## MATERIAL PROVIDED
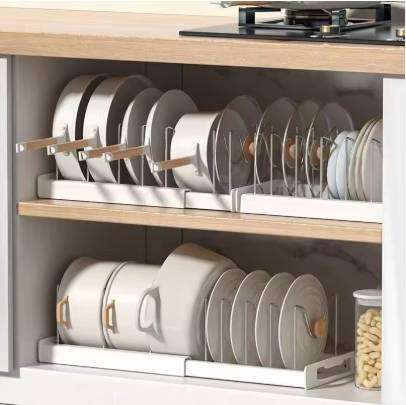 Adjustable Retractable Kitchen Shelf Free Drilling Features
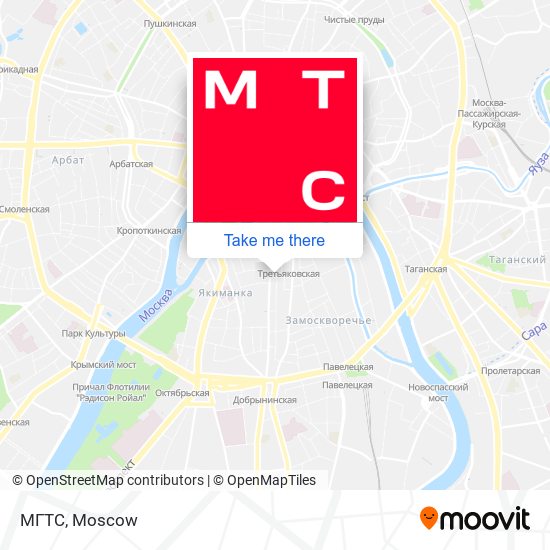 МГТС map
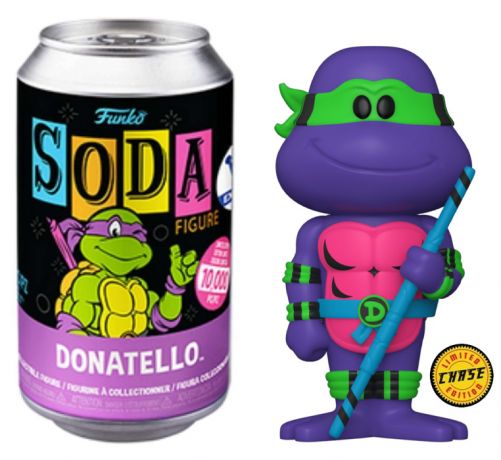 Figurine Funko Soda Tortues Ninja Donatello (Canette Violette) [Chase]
==
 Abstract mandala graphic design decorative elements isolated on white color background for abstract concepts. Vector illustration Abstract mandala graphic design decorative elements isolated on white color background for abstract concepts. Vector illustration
...
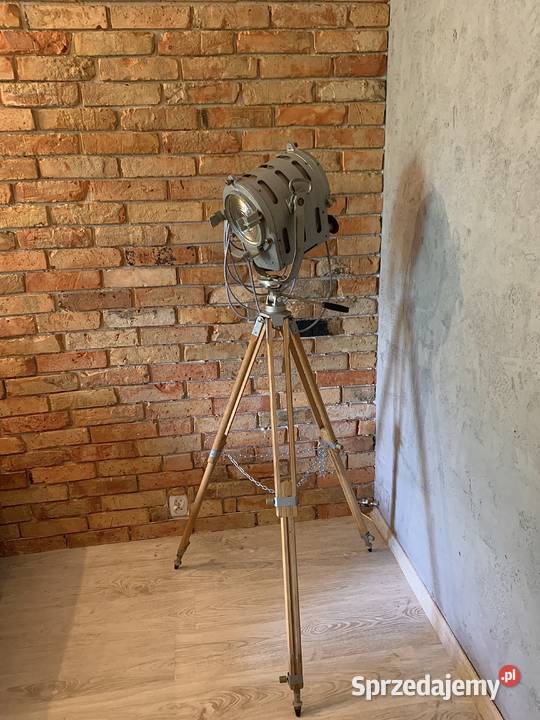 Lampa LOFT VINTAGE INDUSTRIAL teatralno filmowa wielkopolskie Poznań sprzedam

## TASK REQUIREMENTS
Look above for the line with "Adjustable Retractable Kitchen" and the line with "Figurine Funko Soda", then copy exactly the lines from the first through the second, both kept, with no pictures.

## PROBLEM SOLUTION
 Adjustable Retractable Kitchen Shelf Free Drilling Features
 МГТС map
 Figurine Funko Soda Tortues Ninja Donatello (Canette Violette) [Chase]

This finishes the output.